John - Yeah, it's definitely a priority question. Either one is valid, I just have to decide which is more important to me right now.

Jenny Maloney said...

I realize that I'm posting a little late...however, I wasn't joking when I said that you have a couple options on how to revise it anyway. On one hand you can actually do the short story "lost and found" motif without a ton of revising (everyone else, be quiet, I realize that I pitched that earlier) and then do the 'family lineage' edits later for a collection to be published (which is probably more publishable anyways...).

I also realize the with the school question comes a money question and that adds pressure to 'get it done'.

As someone who has also gotten a set of feedback on a semi-finished work...it always sucks when you think you're close to done, and you're just not. As I'm rewriting now, I'm trying to keep what Dumbledore said in mind: "You have to choose between what is right and what is easy." I'm trying not to just restructure sentences in my novel, I'm trying to add pieces that work and take away chunks that don't do what they're supposed to do.

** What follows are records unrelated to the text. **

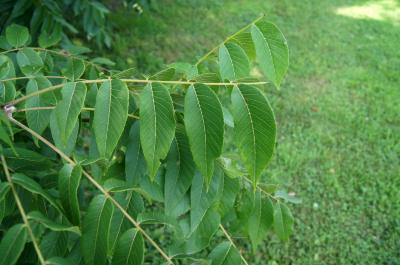 Juglans nigra (Black Walnut), leaf, summer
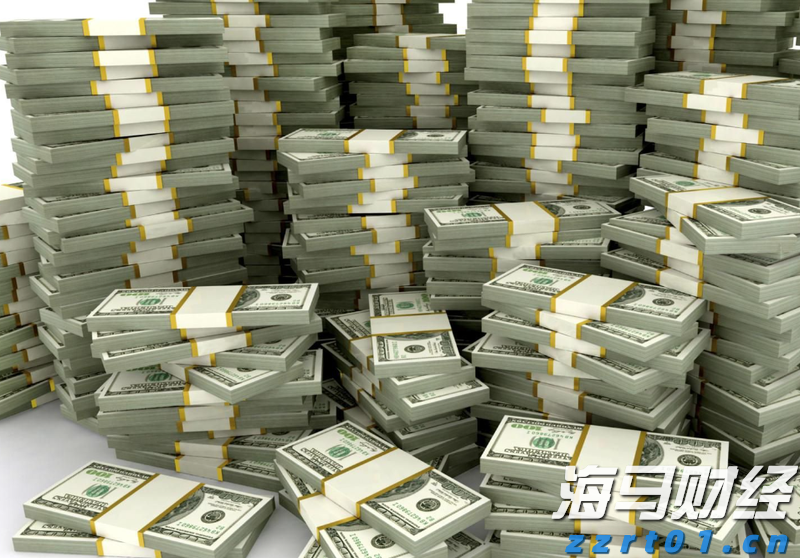 独立候选人纳夫罗茨基赢得波兰总统选举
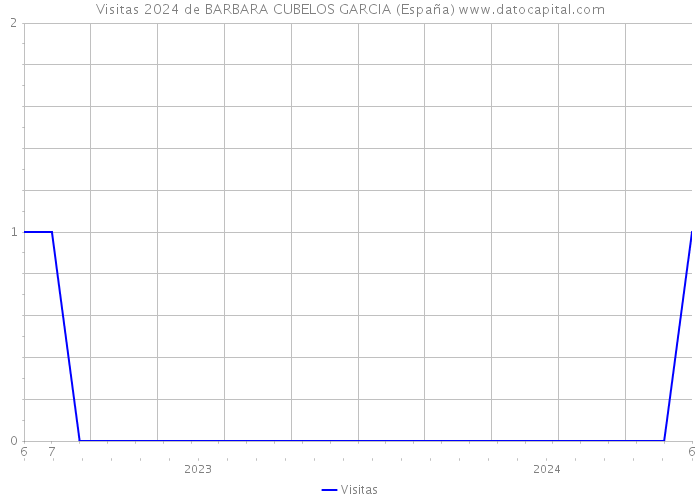 Visitas 2024 de BARBARA CUBELOS GARCIA (España) 
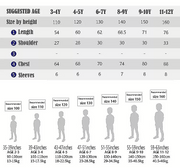 Girls' Dresses 4-10Y for party wedding holiday Short Sleeve beautiful design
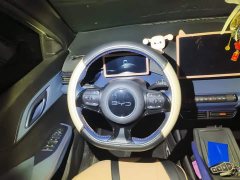 BYD Seagull 305km Freedom Edition - ფოტო 15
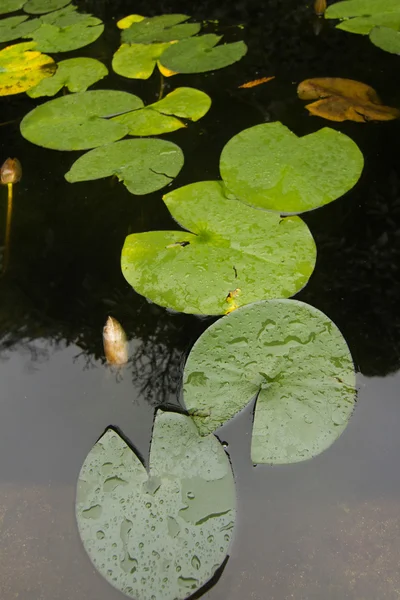 Lily leafs — Stock Photo, Image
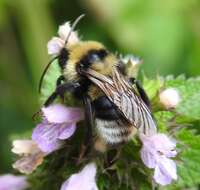 Image of Bombus barbutellus (Kirby 1802)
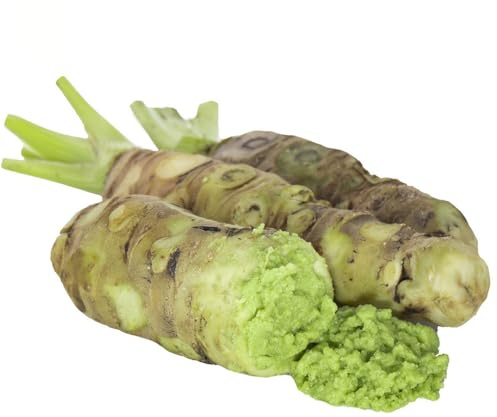 200 pz Semi di wasabi piante da balcone vere Vasi per piante, regali per gli amanti del giardino Le piante in vaso sono resistenti semi di piante d'appartamento piante da giardino,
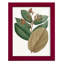 Fall Foliage III, reproduction d'art encadrée-90582648-90582653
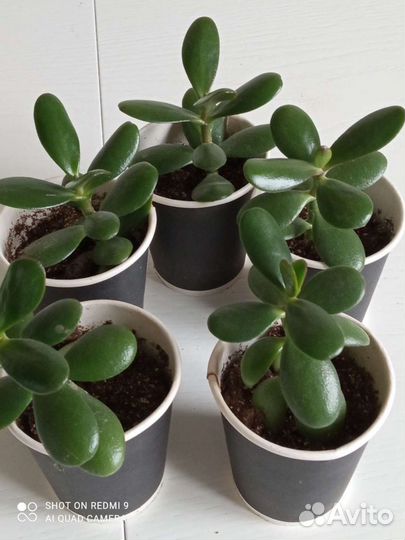 Комнатные цветы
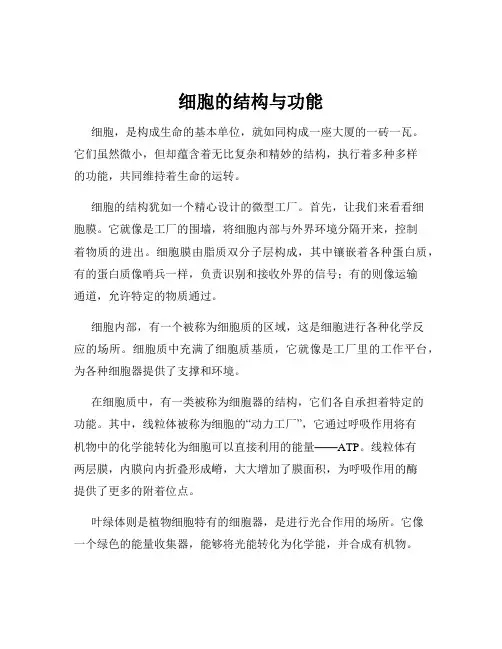 细胞的结构与功能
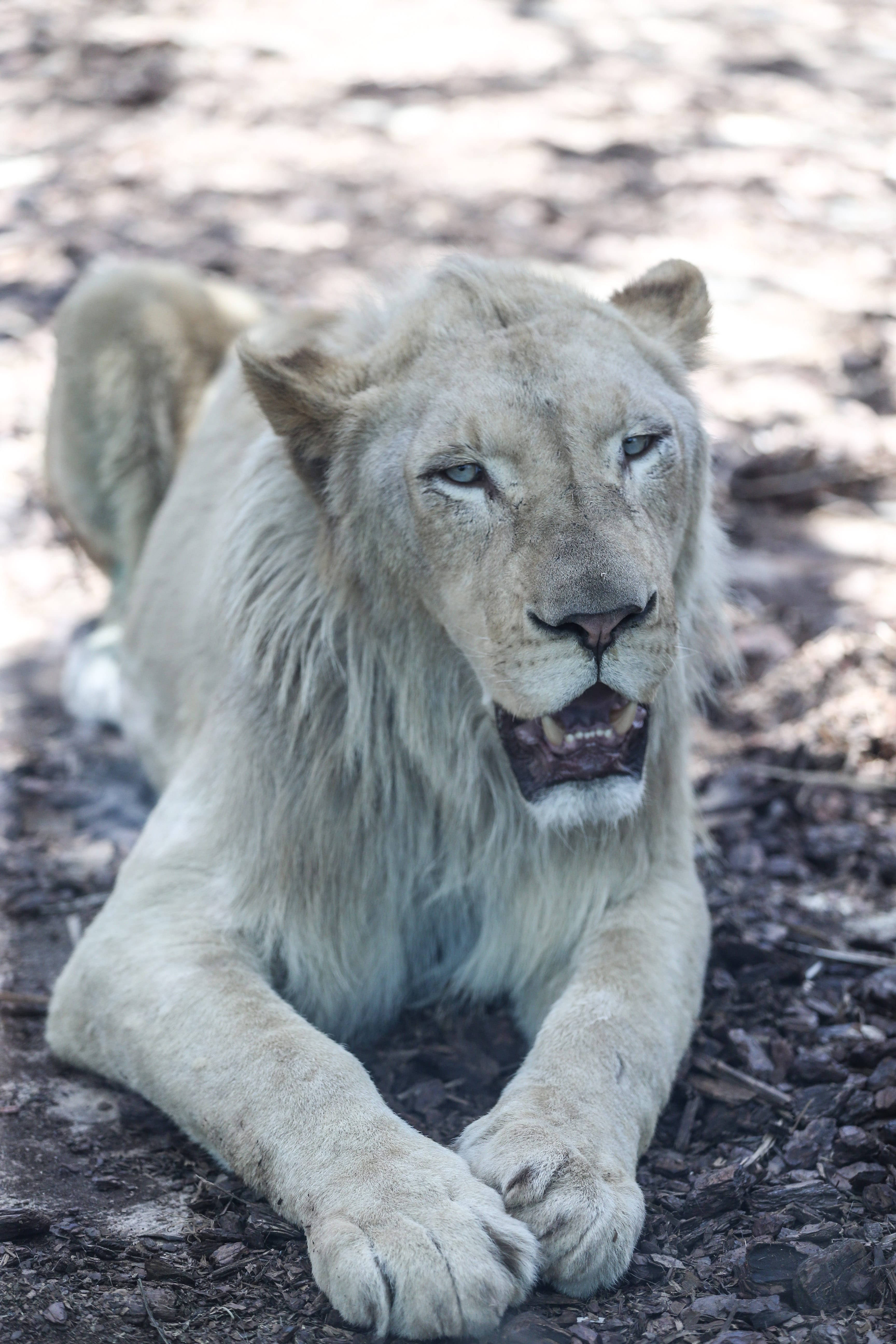 White Lion 桌布 壁紙 — 一頭威嚴的白獅在陽光斑駁的土地上休息，目光平靜，嘴巴微張露出牙齒。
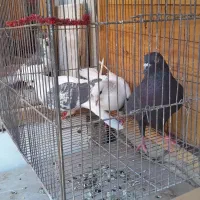 کفتر شهرستانی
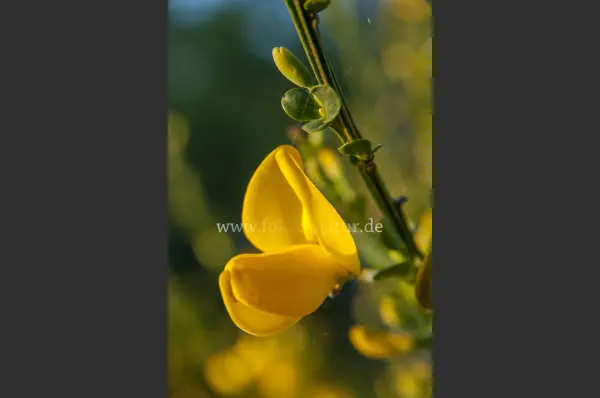 Fokus-Natur Bild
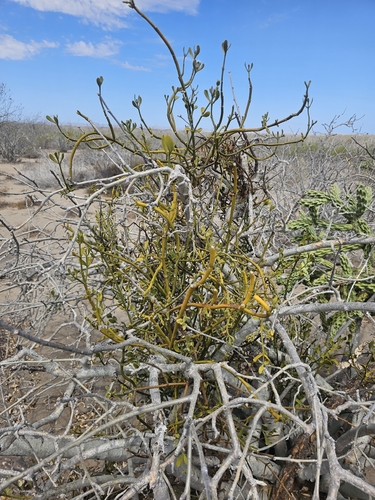 Phoradendron brachystachyum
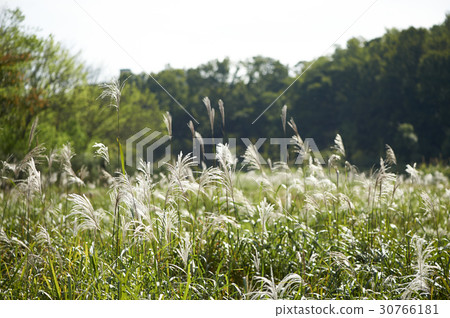 Incheon Grand Park, Namdong-gu, Incheon 30766181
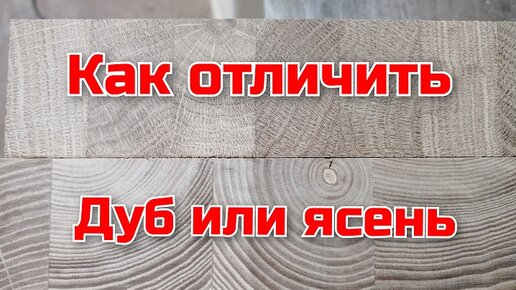 Ясень или дуб. Что тяжелее дуб или ясень. Различить дуб от ясеня. Что дороже дуб или ясень.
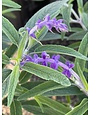 Salvia leucantha 'Mexican Bush Sage' 3 Gallon - Purple Fall Blooming Perennial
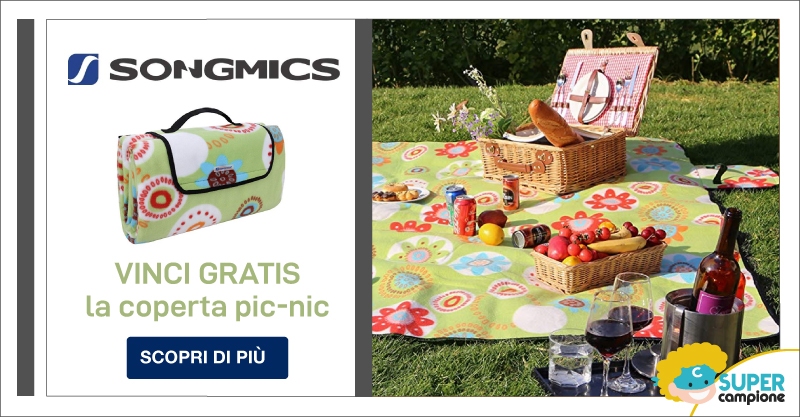 Vinci gratis la coperta pic-nic Songmics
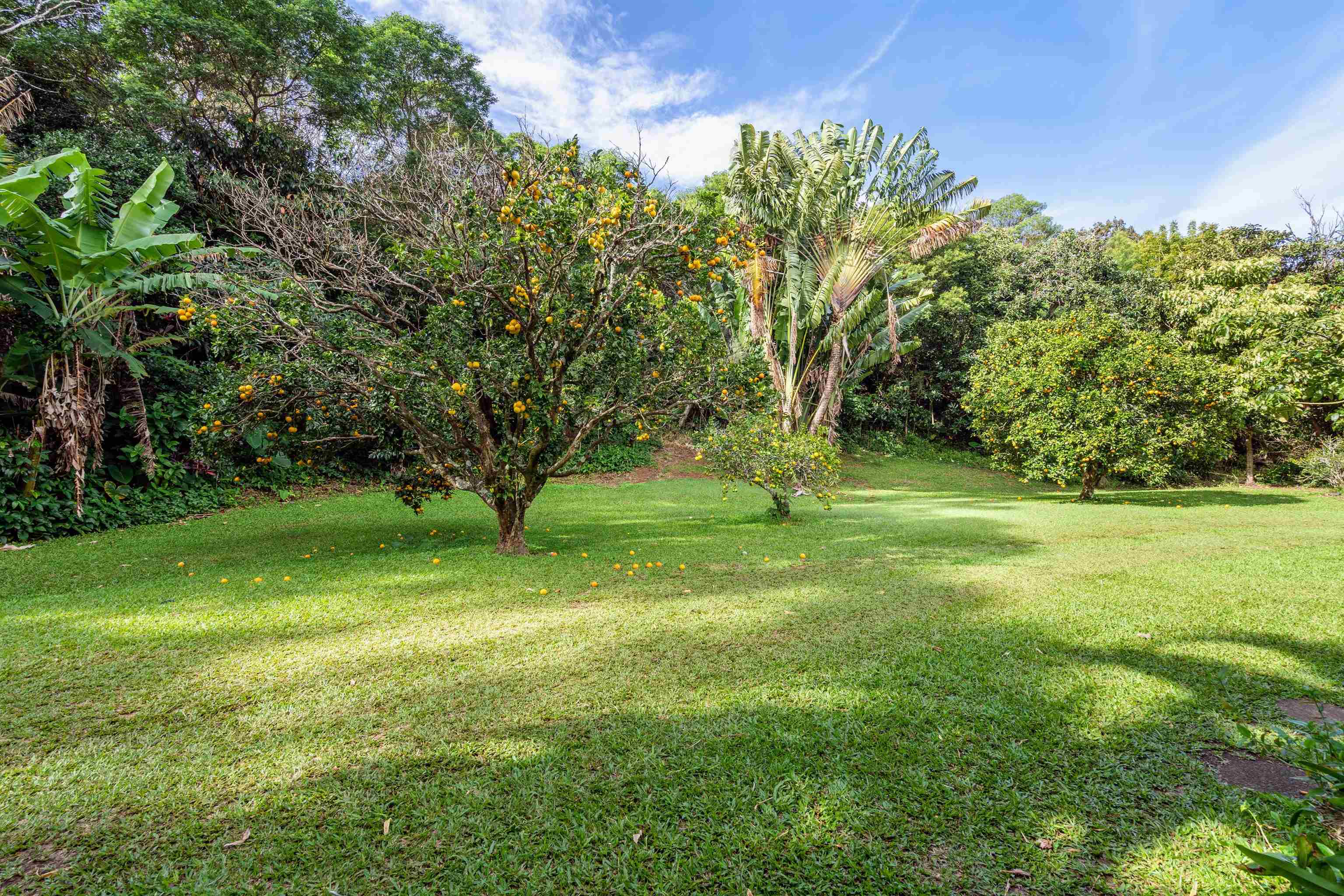 1870 West Kuiaha Road Haiku, HI 96708 - Photo 21 of 27 a view of yard with green space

For what it's worth, you told Juan to trust you. You believed enough in what you were doing to fight for it. I trust you too. I'd like to see what you do...either way.

Ali said...

Thanks for the encouragement, Jenny :)

Camille said...

Even though you're not taking classes, you're teaching them. That's additional stress, too. :) But of course, it's you and I have a pretty good idea that you'll go ahead and crunch it anyway. You and I are both pretty impatient, so I see the temptation to get it done *now* :) Good luck ~ I'm rooting for you.